Japan sees moonwalking humanoids by 2015
Japanese consortium has promised to send humanoid bots to the moon by 2015 and is developing a bipedal humanoid that could make one giant leap for droidkind.
Just as the Obama administration ditches NASA plans to return to the moon, a group in Japan is vowing to send humanoid robots there by 2015. Call it a giant leap for droidkind.
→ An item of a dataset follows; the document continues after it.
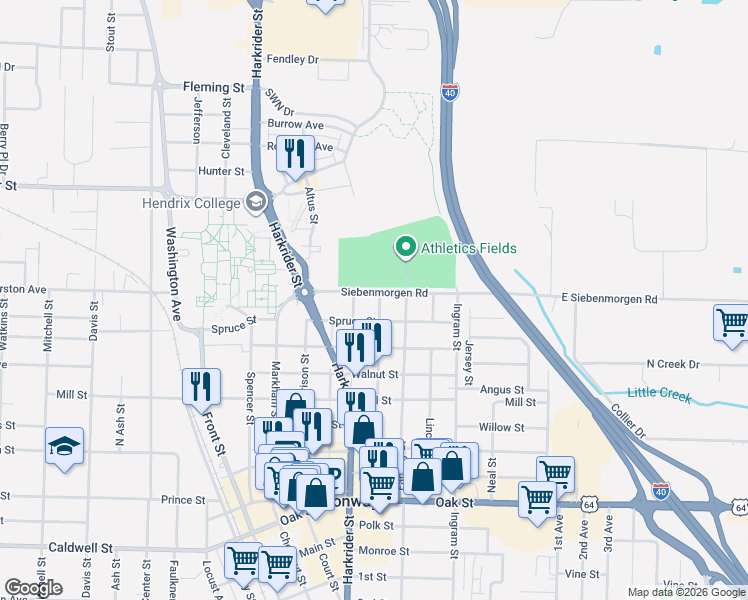 map of restaurants, bars, coffee shops, grocery stores, and more near 814 Spruce Street in Conway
The Space Oriented Higashiosaka Leading Association (SOHLA), a satellite-manufacturing consortium in the Osaka area, has vowed to put bipedal humanoid bots on the moon in the next five years, according to a Jiji Press report. SOHLA is now developing a prototype astro-bot called "Maido-kun" that it hopes will follow in the steps of Neil Armstrong and Buzz Aldrin (minus the "Dancing with the Stars" part).
The robot will be smaller than a person and, if it makes it onto the moon, may do things like record astronomical observations and take geological surveys (and maybe do a bit of robot moonwalking).
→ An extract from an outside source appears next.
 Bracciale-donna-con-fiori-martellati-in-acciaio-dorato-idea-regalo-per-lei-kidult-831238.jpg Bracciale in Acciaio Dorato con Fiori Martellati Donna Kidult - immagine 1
Development costs for Maido-kun are estimated at $10.6 million, but the idea is being floated in part as an economic stimulus project for small and midsize tech firms in the Osaka region.
SOHLA has already worked with Japan's New Energy and Industrial Technology Development Organization (NEDO) and the Japan Aerospace Exploration Agency (JAXA). In 2009, it launched the Maido 1 weather observation microsatellite aboard a JAXA HII-A rocket. SOHLA wants its robot to hitch a ride on a JAXA rocket bound for the moon in five years.
"Humanoid robots are glamorous, and they tend to get people fired up," SOHLA board member Noriyuki Yoshida was quoted as saying by Pink Tentacle. "We hope to develop a charming robot to fulfill the dream of going to space."